The gist of it is that you keep all currently known
copy targets (e.g. branches, tags) in a tree. For
each revision, you walk that tree to find the affected
sub-tree. The LRU path gets optimized to speed up
the next look-up.

A usually fixed repo layout plus typical change
patterns result in a quasi-constant processing
time for each revision - independent from the
number of copies already found.

Things become much simpler and faster if you
eliminate string operations and use path IDs
instead. TSVN does an "svn log" at over 10M
revs per second.
>>> Storage of successor IDs is essentially a cache of the result of the
>>> inversion of the predecessor relation between all node-revisions.
>>> This inversion is a *very* expensive operation (follow every node
>>> that ever existed in the repository from its most recent revision
>>> back to the revision it was created in).
>> Not true. At least the "*very* expensive" part.
>> Log -v takes about 1min for AFS over ra_local.
>> Building any of the index data described below
>> can be done in<  10s.
> Any of it (if so, which parts?), or all of it?
All of it, of course. The expensive part is "svn log -v"
which may be expensive on slow disks. Everything
else is just writing a few MB of data.
>> I propose a modified version of TSVN's log cache
>> data structure. The adaptations:
>>
>> * split into multiple files to reduce modification overhead
>> * remove rev-prop-dependent information (log comment,
>>    author, timestamp)
>> * add the reverse copy info
>> * simplify the data structures
> This looks very interesting.
>
> What about FSFS-specific requirements?
See assumptions above, this may require a different
data structure.

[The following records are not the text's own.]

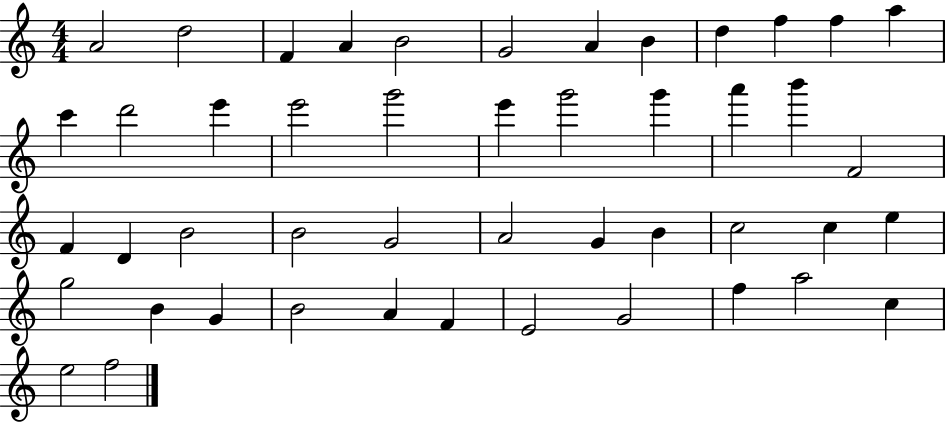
A4/h D5/h F4/q A4/q B4/h G4/h A4/q B4/q D5/q F5/q F5/q A5/q C6/q D6/h E6/q E6/h G6/h E6/q G6/h G6/q A6/q B6/q F4/h F4/q D4/q B4/h B4/h G4/h A4/h G4/q B4/q C5/h C5/q E5/q G5/h B4/q G4/q B4/h A4/q F4/q E4/h G4/h F5/q A5/h C5/q E5/h F5/h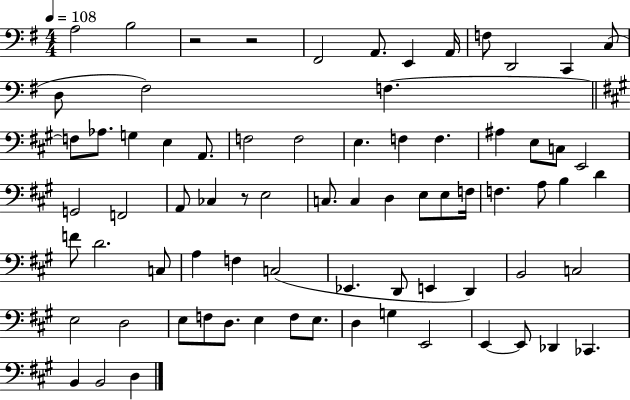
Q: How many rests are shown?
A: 3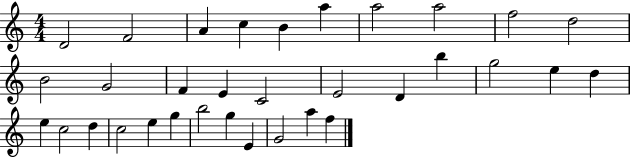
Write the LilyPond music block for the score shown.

{
  \clef treble
  \numericTimeSignature
  \time 4/4
  \key c \major
  d'2 f'2 | a'4 c''4 b'4 a''4 | a''2 a''2 | f''2 d''2 | \break b'2 g'2 | f'4 e'4 c'2 | e'2 d'4 b''4 | g''2 e''4 d''4 | \break e''4 c''2 d''4 | c''2 e''4 g''4 | b''2 g''4 e'4 | g'2 a''4 f''4 | \break \bar "|."
}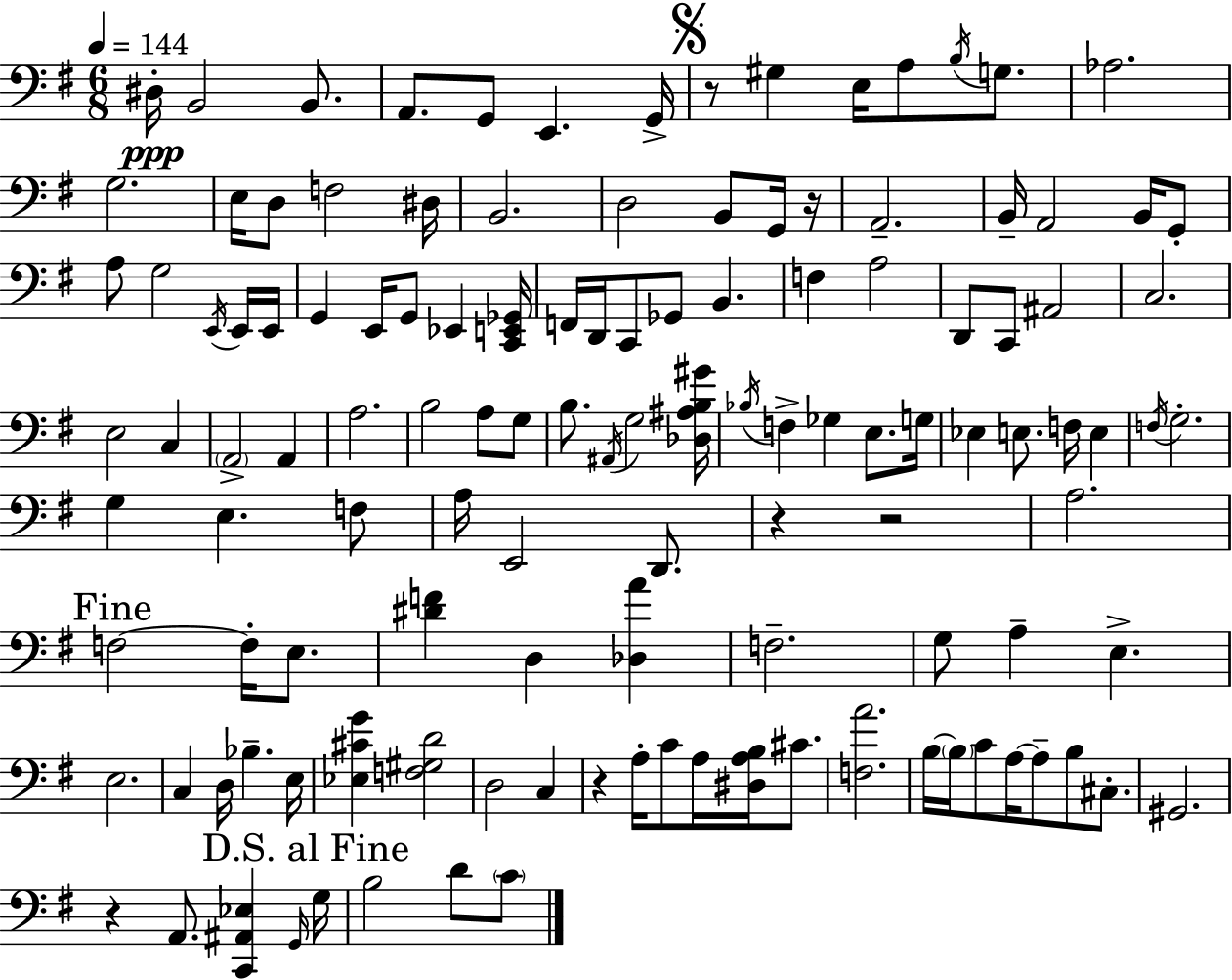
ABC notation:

X:1
T:Untitled
M:6/8
L:1/4
K:G
^D,/4 B,,2 B,,/2 A,,/2 G,,/2 E,, G,,/4 z/2 ^G, E,/4 A,/2 B,/4 G,/2 _A,2 G,2 E,/4 D,/2 F,2 ^D,/4 B,,2 D,2 B,,/2 G,,/4 z/4 A,,2 B,,/4 A,,2 B,,/4 G,,/2 A,/2 G,2 E,,/4 E,,/4 E,,/4 G,, E,,/4 G,,/2 _E,, [C,,E,,_G,,]/4 F,,/4 D,,/4 C,,/2 _G,,/2 B,, F, A,2 D,,/2 C,,/2 ^A,,2 C,2 E,2 C, A,,2 A,, A,2 B,2 A,/2 G,/2 B,/2 ^A,,/4 G,2 [_D,^A,B,^G]/4 _B,/4 F, _G, E,/2 G,/4 _E, E,/2 F,/4 E, F,/4 G,2 G, E, F,/2 A,/4 E,,2 D,,/2 z z2 A,2 F,2 F,/4 E,/2 [^DF] D, [_D,A] F,2 G,/2 A, E, E,2 C, D,/4 _B, E,/4 [_E,^CG] [F,^G,D]2 D,2 C, z A,/4 C/2 A,/4 [^D,A,B,]/4 ^C/2 [F,A]2 B,/4 B,/4 C/2 A,/4 A,/2 B,/2 ^C,/2 ^G,,2 z A,,/2 [C,,^A,,_E,] G,,/4 G,/4 B,2 D/2 C/2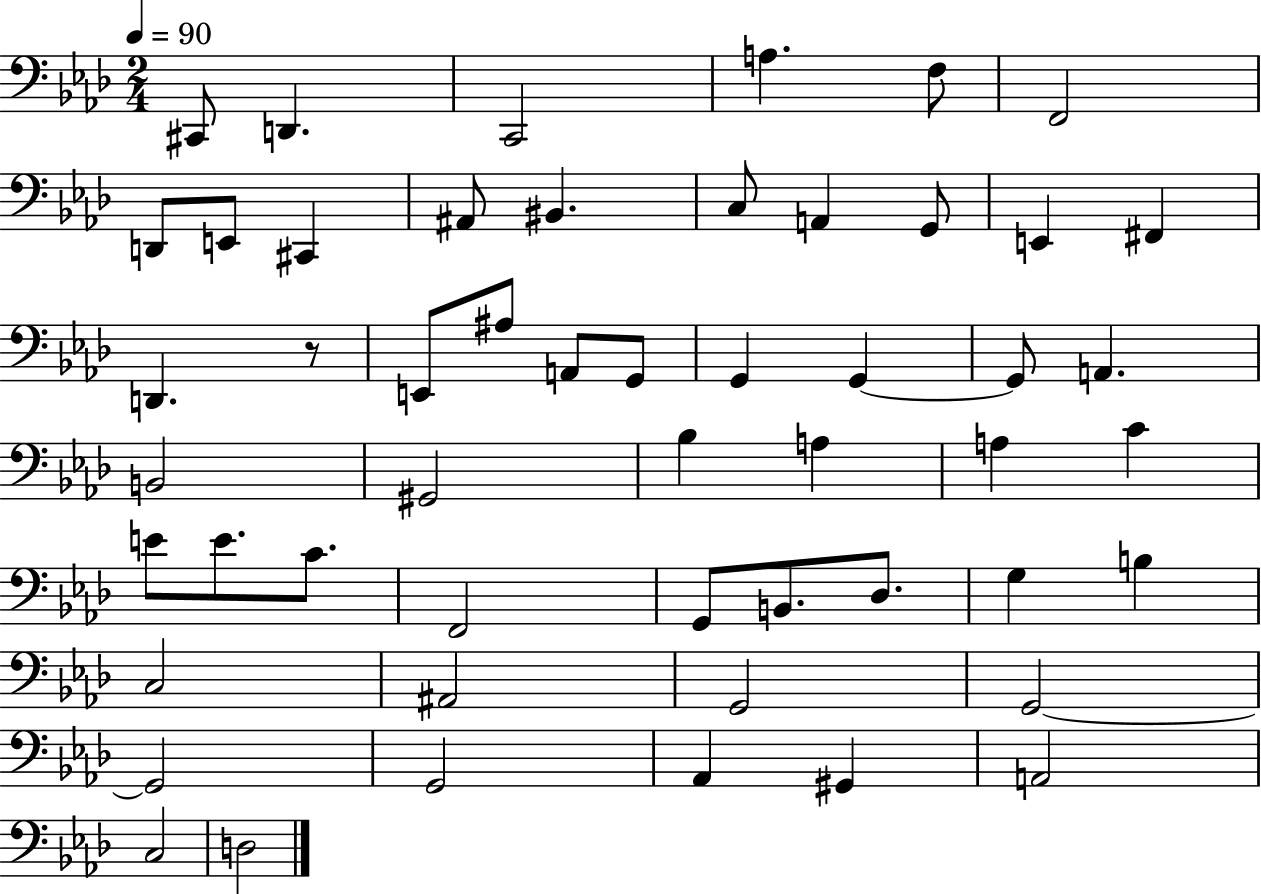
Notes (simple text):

C#2/e D2/q. C2/h A3/q. F3/e F2/h D2/e E2/e C#2/q A#2/e BIS2/q. C3/e A2/q G2/e E2/q F#2/q D2/q. R/e E2/e A#3/e A2/e G2/e G2/q G2/q G2/e A2/q. B2/h G#2/h Bb3/q A3/q A3/q C4/q E4/e E4/e. C4/e. F2/h G2/e B2/e. Db3/e. G3/q B3/q C3/h A#2/h G2/h G2/h G2/h G2/h Ab2/q G#2/q A2/h C3/h D3/h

But I think that noderev dependencies
will turn out to be redundant if you have a log cache
and access to the skip-delta forwards dependencies.
> It sounds like you avoid those by storing data in semantics of the repos
> layer (path@revision) instead of the FS layer (node-revision-id)?
Yes.
> In this case separate implementations for FSFS and BDB aren't needed.
> This could be an advantage (e.g. third party FS implementations
> wouldn't need to change to support this).
It also eliminates on of the performance weaknesses
of SVN today: A log on some old / seldom changed
path can take a very long time.
>
> I'll think about this some more, thanks.
>
Welcome ;)

-- Stefan^2.

Re: server-side log cache

Posted by Stefan Fuhrmann <eq...@web.de>.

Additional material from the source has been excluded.